___ Material provided
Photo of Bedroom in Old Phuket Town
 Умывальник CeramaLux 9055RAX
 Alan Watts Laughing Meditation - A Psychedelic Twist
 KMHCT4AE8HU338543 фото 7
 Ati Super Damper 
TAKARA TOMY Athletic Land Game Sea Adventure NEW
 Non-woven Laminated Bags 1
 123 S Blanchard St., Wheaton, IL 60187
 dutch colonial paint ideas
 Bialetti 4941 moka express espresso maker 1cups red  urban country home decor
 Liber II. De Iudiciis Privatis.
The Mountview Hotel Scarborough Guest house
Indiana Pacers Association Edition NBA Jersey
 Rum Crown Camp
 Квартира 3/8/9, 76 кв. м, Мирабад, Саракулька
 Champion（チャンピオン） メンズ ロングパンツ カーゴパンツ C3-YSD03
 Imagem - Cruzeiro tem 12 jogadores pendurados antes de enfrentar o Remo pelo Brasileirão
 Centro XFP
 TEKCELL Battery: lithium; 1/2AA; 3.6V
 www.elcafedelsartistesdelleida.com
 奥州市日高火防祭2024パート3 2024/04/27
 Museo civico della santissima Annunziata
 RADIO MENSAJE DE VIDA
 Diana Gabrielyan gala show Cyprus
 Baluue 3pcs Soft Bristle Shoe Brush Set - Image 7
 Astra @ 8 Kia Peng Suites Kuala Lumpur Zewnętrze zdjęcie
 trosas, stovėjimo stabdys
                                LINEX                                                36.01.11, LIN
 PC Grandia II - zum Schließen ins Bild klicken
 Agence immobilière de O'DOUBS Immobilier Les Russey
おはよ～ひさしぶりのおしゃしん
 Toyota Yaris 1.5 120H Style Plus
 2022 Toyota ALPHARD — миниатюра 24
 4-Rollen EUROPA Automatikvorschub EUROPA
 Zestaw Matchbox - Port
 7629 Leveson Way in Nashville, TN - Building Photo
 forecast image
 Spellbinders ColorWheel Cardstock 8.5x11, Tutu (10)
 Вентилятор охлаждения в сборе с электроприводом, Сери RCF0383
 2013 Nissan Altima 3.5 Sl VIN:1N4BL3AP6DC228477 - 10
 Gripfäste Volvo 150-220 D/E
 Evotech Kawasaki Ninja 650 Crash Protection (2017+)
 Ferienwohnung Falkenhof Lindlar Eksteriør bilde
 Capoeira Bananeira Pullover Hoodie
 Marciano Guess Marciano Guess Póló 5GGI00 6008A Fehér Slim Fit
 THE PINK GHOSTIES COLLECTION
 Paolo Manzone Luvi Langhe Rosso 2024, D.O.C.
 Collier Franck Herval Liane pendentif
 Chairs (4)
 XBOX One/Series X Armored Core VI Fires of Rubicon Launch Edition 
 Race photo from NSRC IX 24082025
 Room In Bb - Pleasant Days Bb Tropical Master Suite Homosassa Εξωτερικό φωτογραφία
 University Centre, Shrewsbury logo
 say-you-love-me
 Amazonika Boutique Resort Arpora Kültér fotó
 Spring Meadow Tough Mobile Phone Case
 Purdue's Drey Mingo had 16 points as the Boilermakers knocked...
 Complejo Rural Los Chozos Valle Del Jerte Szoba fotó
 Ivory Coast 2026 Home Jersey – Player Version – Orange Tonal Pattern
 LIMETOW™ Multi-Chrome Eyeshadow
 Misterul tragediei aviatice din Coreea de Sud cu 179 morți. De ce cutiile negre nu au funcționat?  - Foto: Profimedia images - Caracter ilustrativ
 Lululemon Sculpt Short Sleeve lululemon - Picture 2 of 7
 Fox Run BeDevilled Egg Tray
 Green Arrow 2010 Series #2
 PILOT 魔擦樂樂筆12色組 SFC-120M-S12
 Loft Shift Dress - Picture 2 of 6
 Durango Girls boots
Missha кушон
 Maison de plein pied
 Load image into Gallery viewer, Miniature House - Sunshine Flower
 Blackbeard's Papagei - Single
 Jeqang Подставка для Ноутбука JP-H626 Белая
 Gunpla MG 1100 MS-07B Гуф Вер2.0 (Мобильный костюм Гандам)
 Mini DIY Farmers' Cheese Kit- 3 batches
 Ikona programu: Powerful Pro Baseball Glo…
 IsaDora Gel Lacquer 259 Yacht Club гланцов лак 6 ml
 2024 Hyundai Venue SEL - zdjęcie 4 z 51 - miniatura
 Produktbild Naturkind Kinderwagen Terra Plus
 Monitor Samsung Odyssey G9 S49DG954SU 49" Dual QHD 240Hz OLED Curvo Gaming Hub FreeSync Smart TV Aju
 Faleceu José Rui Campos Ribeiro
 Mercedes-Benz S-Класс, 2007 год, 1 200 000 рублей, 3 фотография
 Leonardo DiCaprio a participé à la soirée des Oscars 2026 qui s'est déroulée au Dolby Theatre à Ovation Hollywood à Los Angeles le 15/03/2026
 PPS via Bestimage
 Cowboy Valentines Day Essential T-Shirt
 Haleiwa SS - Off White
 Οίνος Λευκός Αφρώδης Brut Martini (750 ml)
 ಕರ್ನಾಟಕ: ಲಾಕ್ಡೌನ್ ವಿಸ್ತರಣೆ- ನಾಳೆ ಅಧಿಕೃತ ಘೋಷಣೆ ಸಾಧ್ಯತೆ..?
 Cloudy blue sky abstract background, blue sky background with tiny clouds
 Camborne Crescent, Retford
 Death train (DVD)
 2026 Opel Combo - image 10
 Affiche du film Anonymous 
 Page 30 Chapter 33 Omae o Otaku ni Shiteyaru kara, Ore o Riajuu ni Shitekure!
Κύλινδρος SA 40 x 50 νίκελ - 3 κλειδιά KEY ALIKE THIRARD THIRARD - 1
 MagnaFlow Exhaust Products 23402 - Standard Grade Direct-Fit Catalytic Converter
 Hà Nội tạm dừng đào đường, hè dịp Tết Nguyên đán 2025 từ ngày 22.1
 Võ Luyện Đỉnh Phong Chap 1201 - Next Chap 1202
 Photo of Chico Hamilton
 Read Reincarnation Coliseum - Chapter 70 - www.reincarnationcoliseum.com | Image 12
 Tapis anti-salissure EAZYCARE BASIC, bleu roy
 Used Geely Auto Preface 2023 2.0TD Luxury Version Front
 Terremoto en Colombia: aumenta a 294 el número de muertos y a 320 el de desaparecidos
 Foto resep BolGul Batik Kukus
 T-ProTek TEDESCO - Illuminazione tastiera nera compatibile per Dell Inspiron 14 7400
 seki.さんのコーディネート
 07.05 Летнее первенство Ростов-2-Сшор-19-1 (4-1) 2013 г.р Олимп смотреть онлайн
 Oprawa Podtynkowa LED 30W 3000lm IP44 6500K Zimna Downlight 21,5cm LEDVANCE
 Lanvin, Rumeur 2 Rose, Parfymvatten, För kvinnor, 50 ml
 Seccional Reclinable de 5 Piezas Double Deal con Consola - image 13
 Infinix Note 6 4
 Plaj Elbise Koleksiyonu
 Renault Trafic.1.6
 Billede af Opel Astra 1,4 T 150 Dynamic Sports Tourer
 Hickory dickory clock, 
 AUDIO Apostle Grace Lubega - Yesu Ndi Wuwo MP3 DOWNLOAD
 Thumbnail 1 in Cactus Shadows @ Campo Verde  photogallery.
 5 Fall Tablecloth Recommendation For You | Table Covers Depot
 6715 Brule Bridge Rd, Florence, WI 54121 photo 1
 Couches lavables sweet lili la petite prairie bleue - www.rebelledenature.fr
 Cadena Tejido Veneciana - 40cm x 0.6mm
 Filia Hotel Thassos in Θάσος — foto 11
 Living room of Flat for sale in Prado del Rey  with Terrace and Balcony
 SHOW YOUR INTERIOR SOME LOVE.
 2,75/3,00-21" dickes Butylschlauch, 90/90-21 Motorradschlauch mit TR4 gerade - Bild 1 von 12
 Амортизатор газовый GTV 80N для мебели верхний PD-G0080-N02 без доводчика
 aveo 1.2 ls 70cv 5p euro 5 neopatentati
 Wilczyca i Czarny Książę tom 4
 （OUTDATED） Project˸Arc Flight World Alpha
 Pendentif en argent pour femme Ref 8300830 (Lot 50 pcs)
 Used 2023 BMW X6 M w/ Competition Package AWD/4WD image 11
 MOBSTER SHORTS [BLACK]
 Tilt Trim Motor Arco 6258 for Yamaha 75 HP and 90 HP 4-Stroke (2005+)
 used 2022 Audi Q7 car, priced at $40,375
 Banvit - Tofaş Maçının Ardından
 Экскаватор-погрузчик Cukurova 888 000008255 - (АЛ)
______
The lines wanted are those from the one holding "MOBSTER SHORTS [BLACK]" through the final line of the listing; print them exactly.

Task result ::
 MOBSTER SHORTS [BLACK]
 Tilt Trim Motor Arco 6258 for Yamaha 75 HP and 90 HP 4-Stroke (2005+)
 used 2022 Audi Q7 car, priced at $40,375
 Banvit - Tofaş Maçının Ardından
 Экскаватор-погрузчик Cukurova 888 000008255 - (АЛ)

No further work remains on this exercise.